One year ago yesterday a 3-month-old girl was kidnaped at the old Trailways bus terminal in downtown Washington, prompting one of the largest and longest manhunts in the city's history. Today, while the chance for the baby's return has decreased, the hope, it seems, has not.
The abduction of April Nicole Williams remains the District's only unsolved kidnaping case in memory, and police continue to sift through old leads and look for the unturned stone, hoping that a clue exists somewhere in the stacks of paper work and miles of computer tape.
"We're still reviewing the file to see if there's anything we missed, reevaluating all the leads," said Sgt.

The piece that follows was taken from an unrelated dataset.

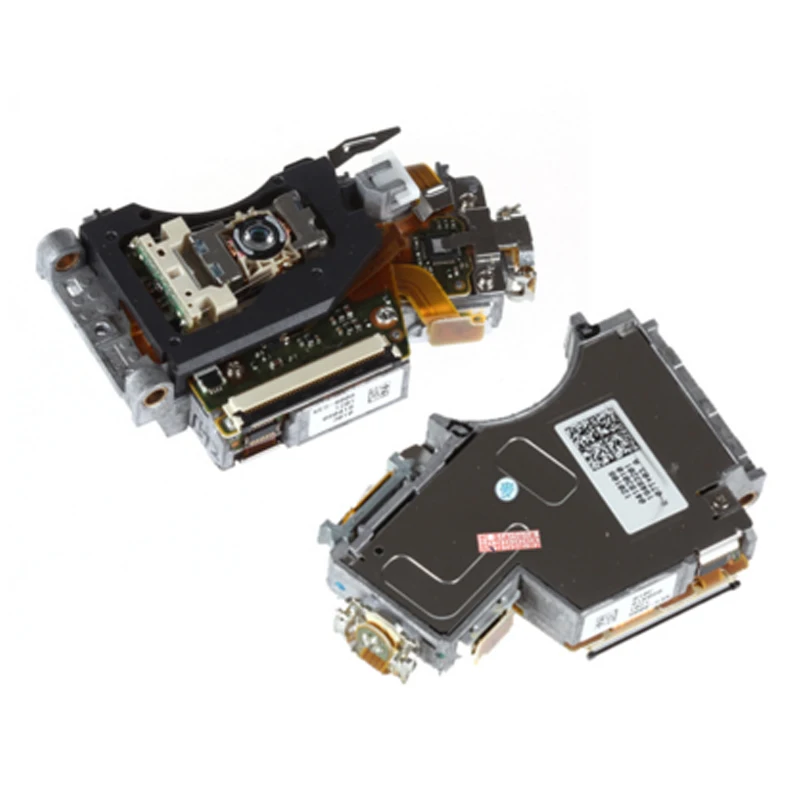 For-PS3-KES-400A-LASER-LENS-5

Peter Mulligan, the only investigator still assigned to the case from a special task force that once numbered eight police officers.

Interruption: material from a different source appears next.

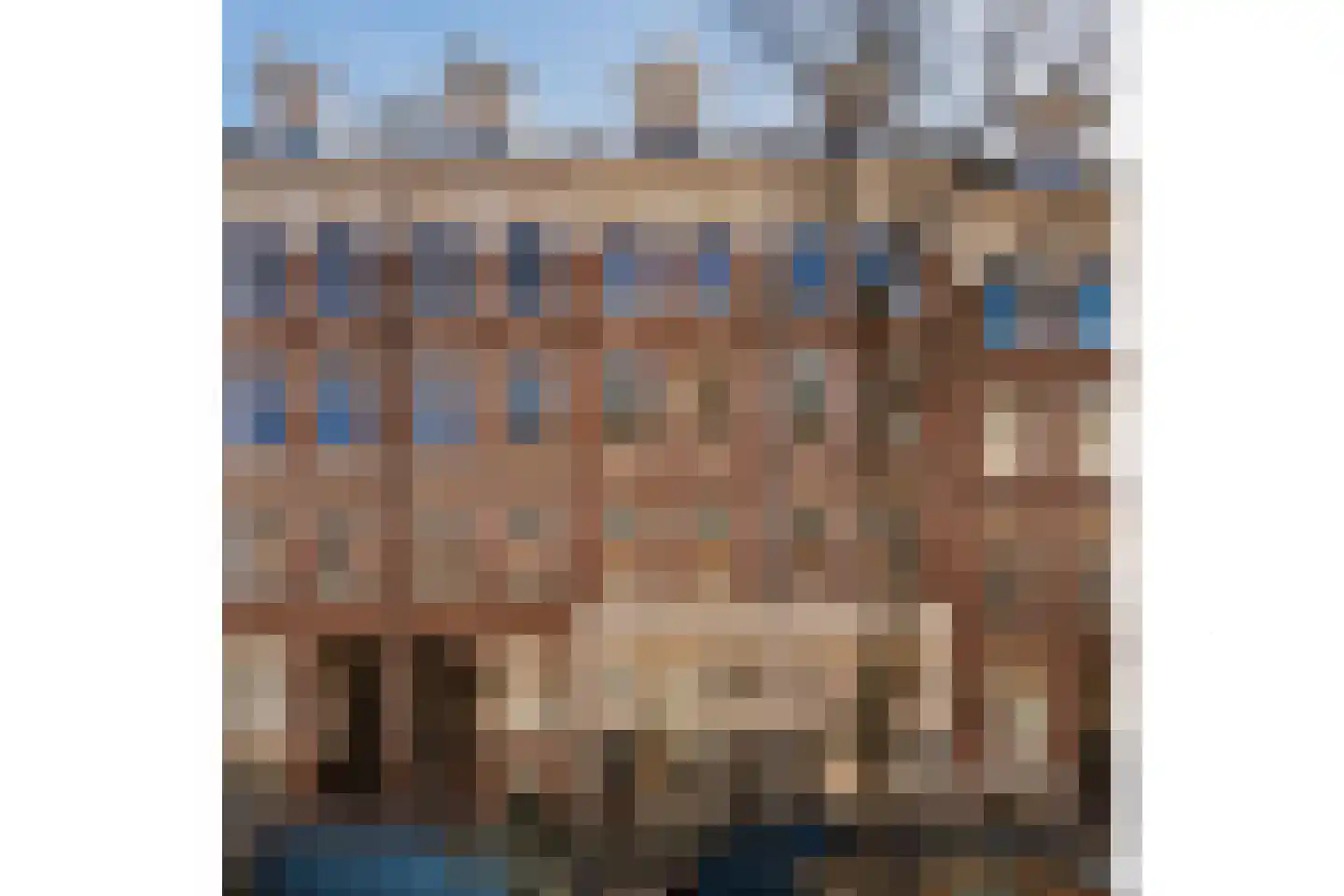 Da Costastraat 75 1 Amsterdam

To mark the one-year anniversary of the kidnaping and to call attention to the plight of missing children, a small rally was held yesterday near the now-closed bus station.
Two of those in attendance were Gary Courm, 32, an electronics engineer in the District, and his 4-year-old daughter, Pia.
"It's important to remember that this can happen to any child," said Courm, holding tightly his daughter's mittened hand. "It's just horrible that someone can be kidnaped and never be found. You just can't imagine that someone would steal a child."
Immediately after April's kidnaping, Mulligan said, "We had a couple hundred calls over a couple of weeks" from people who thought that they recognized the baby or her abductor from pictures and composite drawings that were publicized. Now the telephone calls have all but dried up.
"We've had two or three calls since September," Mulligan said, but he still checks out every one.
And he stays in frequent contact with the baby's mother, Eleanor Marie Williams, now 19, who lost her child when a stranger cradling the infant in her arms walked away, allegedly to get a soft drink, and never returned. Williams, who lives with her father on a farm in Suffolk, Va., recently had another baby.
"We never had much to begin with," Mulligan said. "There was no crime scene where you could get finger prints or precise eye witnesses, and early in the investigation the details were sketchy and not concise . . . . We lost time."
Police staked out the bus terminal at 1200 I St. NW for the next three days, hoping they would find a witness who could provide more details about the abductor. The mother described the abductor as a slender black woman, 5-foot-3, 23 to 25 years old, with short reddish, braided hair.
About a week after the abduction, police returned to the scene with Williams and acted out the kidnaping scenario. Williams then was put under hypnosis, police said, because she was distraught and they needed to clarify the details.
Williams and her child had arrived at the terminal about 3:15 p.m. and were sitting in the main lobby during a three-hour layover between buses when a stanger started a conversation, police say.
During the conversation, according to Mulligan, Williams told the stranger that at one time she had planned to name her baby Latoya Renee.
"That's my middle name," Williams, while under hypnosis, recalled the stranger saying.
When asked April's age, Williams told the stranger that her baby had been born on Aug. 17. The stranger immediately responded: "Oh, I'm a Leo, too."
The stranger then took April in her arms and said that she was going to get a soft drink. That was the last time Williams saw them.
Mulligan says he believes that the stranger may have left the Washington area after the kidnaping, and now can return without having to answer difficult questions about why she suddenly has a baby.
Although it is possible that April, now 15 months old, will bear only a slight resemblance to what she looked like a year ago, he hopes that the child can be identified from a birthmark on her right wrist.
"There will probably come a point somewhere down the line where we'll just have to face the reality that there's nothing more we can do," Mulligan said. "But the book on this case won't be closed until I'm absolutely positive that nothing else can be done."